### Task to complete
Only these lines, please: the first one of the records through the one containing "Image by Michael", retyped exactly, both ends included and pictures omitted.

### Material provided
----
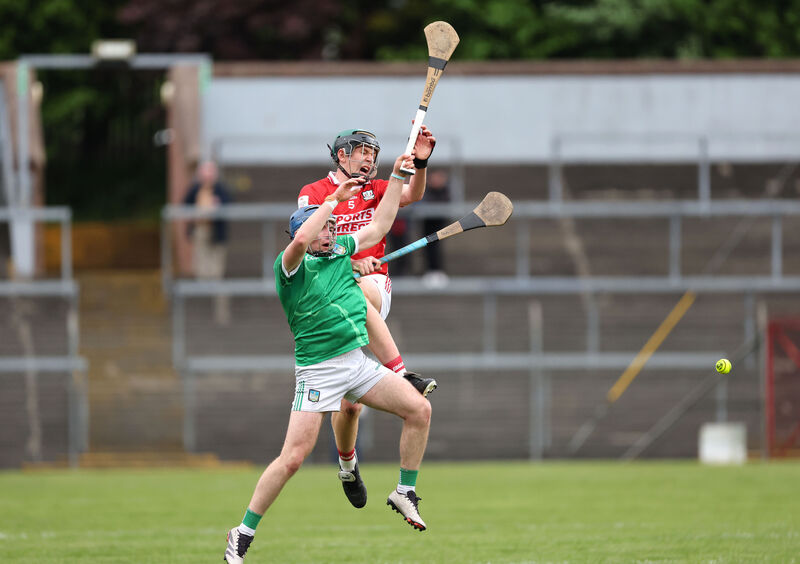  Eoin Considine of Cork and Shane Waters of Limerick contest aerial possession. Picture: Jim Coughlan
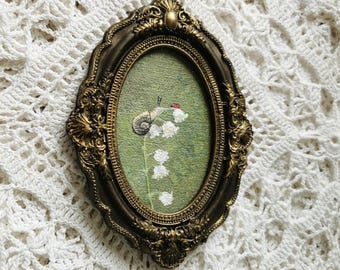 May include: An oval-shaped wall art piece featuring an embroidered snail and white lily of the valley flowers on a green background, encased in an ornate, dark gold-toned frame with intricate scrollwork and a decorative top crest detail.
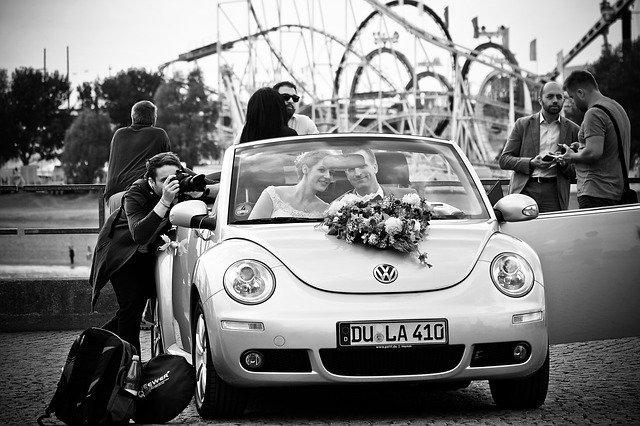Image by Michael Gaida from Pixabay wedding photographer taking picture of couple just married in car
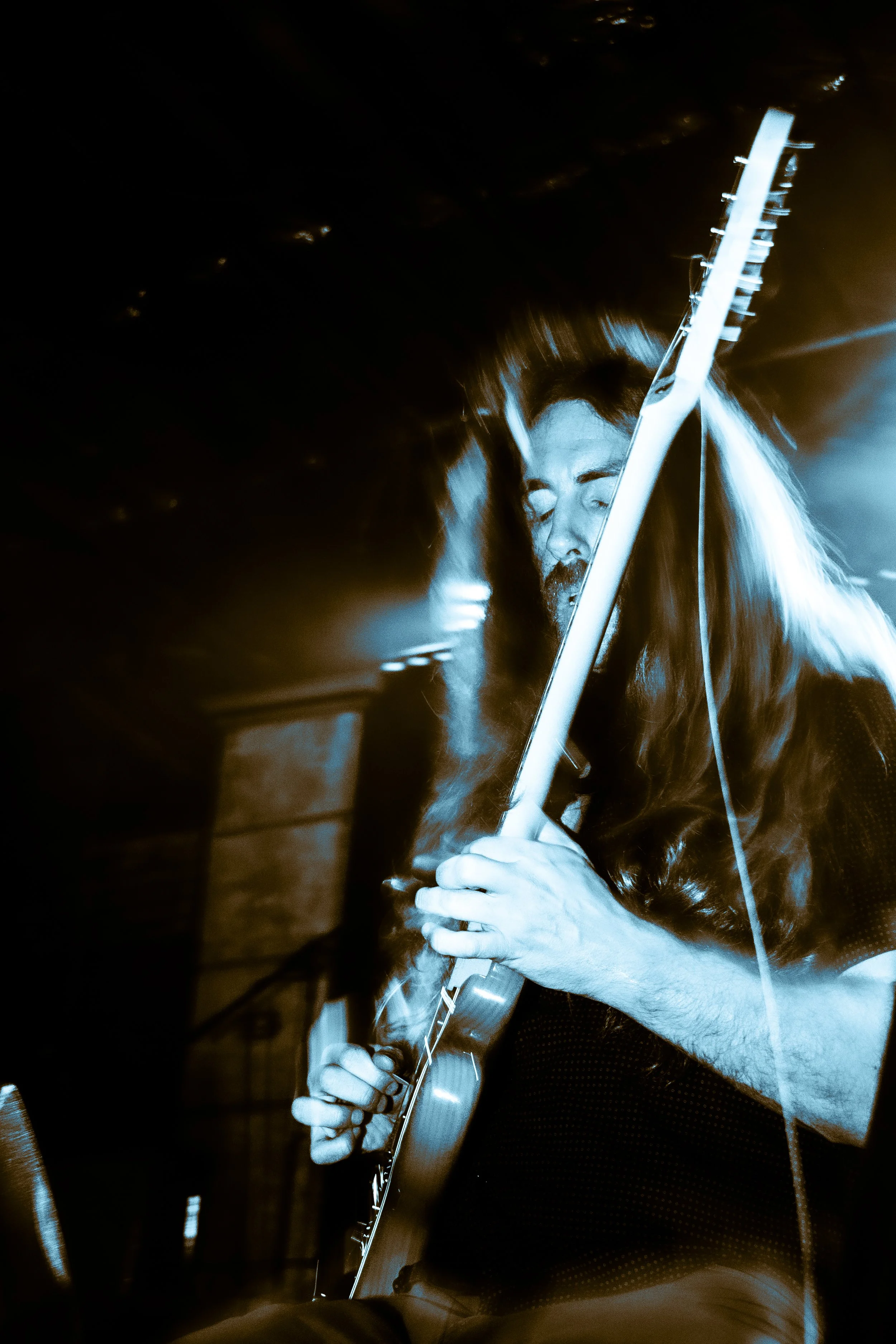 A man with long hair and a beard playing an electric guitar, photographed in blue tones with a blurred background.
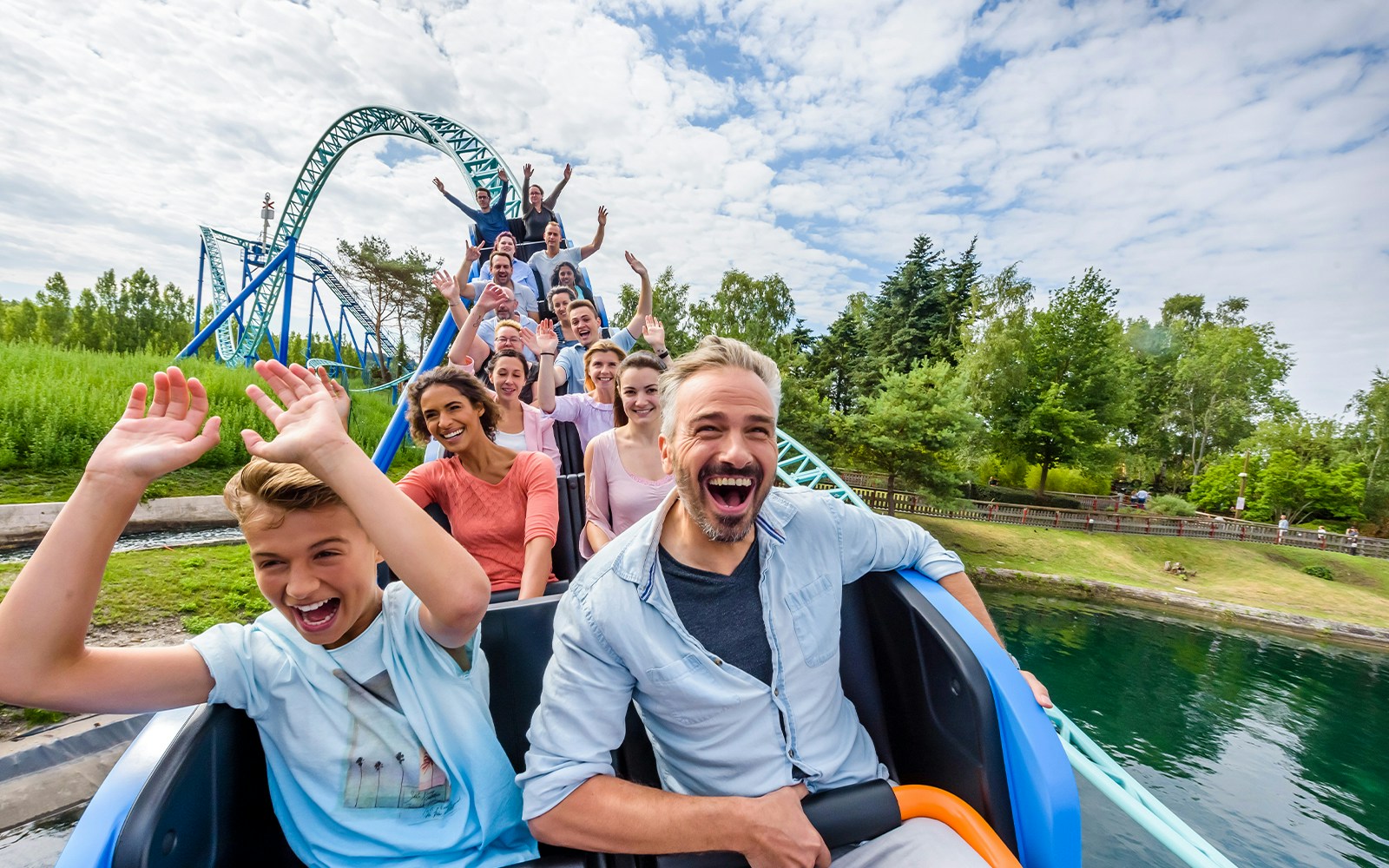 Parc Astérix roller coaster ride in Paris, France, with excited visitors.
----
### Task answer
  Eoin Considine of Cork and Shane Waters of Limerick contest aerial possession. Picture: Jim Coughlan
 May include: An oval-shaped wall art piece featuring an embroidered snail and white lily of the valley flowers on a green background, encased in an ornate, dark gold-toned frame with intricate scrollwork and a decorative top crest detail.
Image by Michael Gaida from Pixabay wedding photographer taking picture of couple just married in car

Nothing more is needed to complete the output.